Owen had to make a big horse-cloth for him to conceal as much of his curious colour as possible and take him out for a gallop among the mountain valleys of Wicklow. The pulling of the great horse was such that Owen returned home with his arms sore at the shoulders and his hands cut with the leather of the rein.
“Ah,” said he, shaking his head reproachfully at the horse as he watered him in the stable, “you're not good; no, you're not. You're wanting home. Some day you'll be doing a bolt, my fine boy, and leaving master and all behind.”
The little babe that cannot speak understands every word the mother says. So did the horse understand his good servant. He left his water and lifted up his head, all dripping from the bucket, and looked at Owen with sad questioning eyes. He could not bear a reproach in the stable, though when his blood was up, Owen might use all the curses ever he could invent, and Tamburlaine would neither hear nor heed.

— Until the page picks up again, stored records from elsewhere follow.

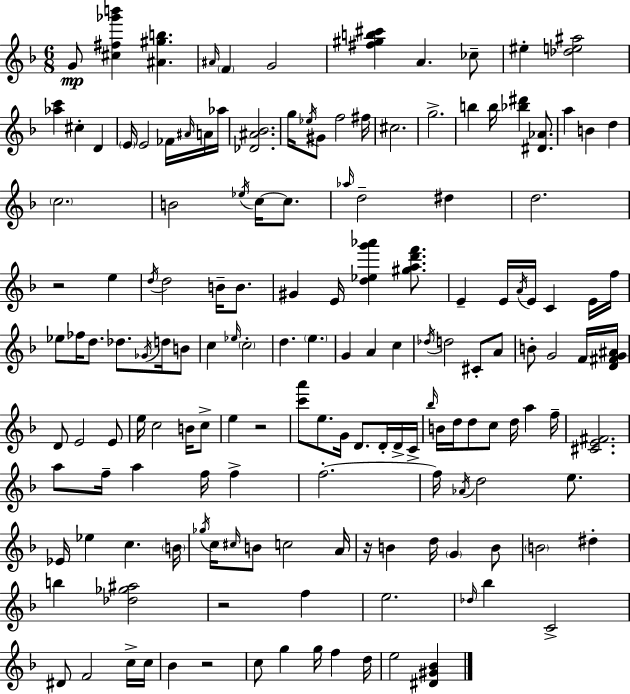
X:1
T:Untitled
M:6/8
L:1/4
K:Dm
G/2 [^c^f_g'b'] [^A^gb] ^A/4 F G2 [^f^gb^c'] A _c/2 ^e [_de^a]2 [_ac'] ^c D E/4 E2 _F/4 ^A/4 A/4 _a/4 [_D^A_B]2 g/4 _e/4 ^G/2 f2 ^f/4 ^c2 g2 b b/4 [_b^d'] [^D_A]/2 a B d c2 B2 _e/4 c/4 c/2 _a/4 d2 ^d d2 z2 e d/4 d2 B/4 B/2 ^G E/4 [d_eg'_a'] [^gad'f']/2 E E/4 A/4 E/4 C E/4 f/4 _e/2 _f/4 d/2 _d/2 _G/4 d/4 B/2 c _e/4 c2 d e G A c _d/4 d2 ^C/2 A/2 B/2 G2 F/4 [D^FG^A]/4 D/2 E2 E/2 e/4 c2 B/4 c/2 e z2 [c'a']/2 e/2 G/4 D/2 D/4 D/4 C/4 _b/4 B/4 d/4 d/2 c/2 d/4 a f/4 [^CE^F]2 a/2 f/4 a f/4 f f2 f/4 _A/4 d2 e/2 _E/4 _e c B/4 _g/4 c/4 ^c/4 B/2 c2 A/4 z/4 B d/4 G B/2 B2 ^d b [_d_g^a]2 z2 f e2 _d/4 _b C2 ^D/2 F2 c/4 c/4 _B z2 c/2 g g/4 f d/4 e2 [^D^G_B]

“Yes,” said Owen, “you're forgetting the master. You have no heart at all. Look at me, the way I am: thin as a rag and harished. And look at you, the satin and the silk is not in it with your coat,” and he stroked down his yellow-white neck.
The horse knew he was praised, but the sad tone went to his heart. He laid his head on Owen's shoulder, remembering his woes and the dear master he had lost.
“There, there,” said Owen, “go back to your drink. You're not so bad after all. I know you have a feeling heart.”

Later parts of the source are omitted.